60年も前にこんなに楽しくて素敵なフランス映画があったなんて。
知らなかったのがもったいない。

独り身で飄々と暮らすユロ氏が主人公。浮世離れした彼に妹夫婦は気を揉むが、甥っ子のジェラールはそんな伯父さんが大好き。

ジェラールの父親はプラスチック会社の社長で、その邸宅はオートメーション化された究極のモダン建築(利便性とオシャレを追求し過ぎて逆に住みづらいのが愉快。庭のサカナ型噴水はso cute!)。
ユロ氏が住む下町の変形雑居型集合住宅?との対比も効いている。こちらはプライベートが守られる気はしないけど、安心できる人付き合いがある。
どちらも楽しくて好き。

賑わう町の大通りの様子もいい。
全てが人と人との関わりのなかにある。ひとつの画面の中のあちこちでいろいろな人がそれぞれの動きをしているのも見ていて楽しい。(すごく細かいところまで丁寧に計算&演出されていそう。
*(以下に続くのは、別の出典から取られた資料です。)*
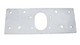 Rust Buster 2000-2006 Toyota Tundra Spare Tire Crossmember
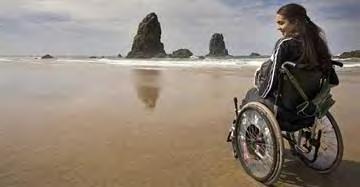 Accessible Adventure Tourism Access to adventure tourism to disabled population: Russia - 13 million Europe 50 million Worldwide - 600 million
)
コロコロ走り回る犬、愛らしい。

特典映像の短編映画「郵便配達の学校」も合わせて観賞。こちらはセリフ多めだけどサイレント時代のスラップスティックコメディのような雰囲気。
自転車で走り回る映像はダイナミックで、タチの軽快なダンスも見られます。

海外の絵本みたいな雰囲気だなあ…と近くの図書館を調べてみたら…ありました。
「ぼくの伯父さんは、のんきな郵便屋さん」(作:J.タチ 絵:E.ラモット 訳:沼田元気 平凡社)絵柄はなんとなくカレル・チャペックぽい。良い。
タチ原案の「ぼくの伯父さんの休暇」(KTC中央出版)も一緒に借りてみた。
映画の後もお楽しみが続く贅沢。嬉しいなあ。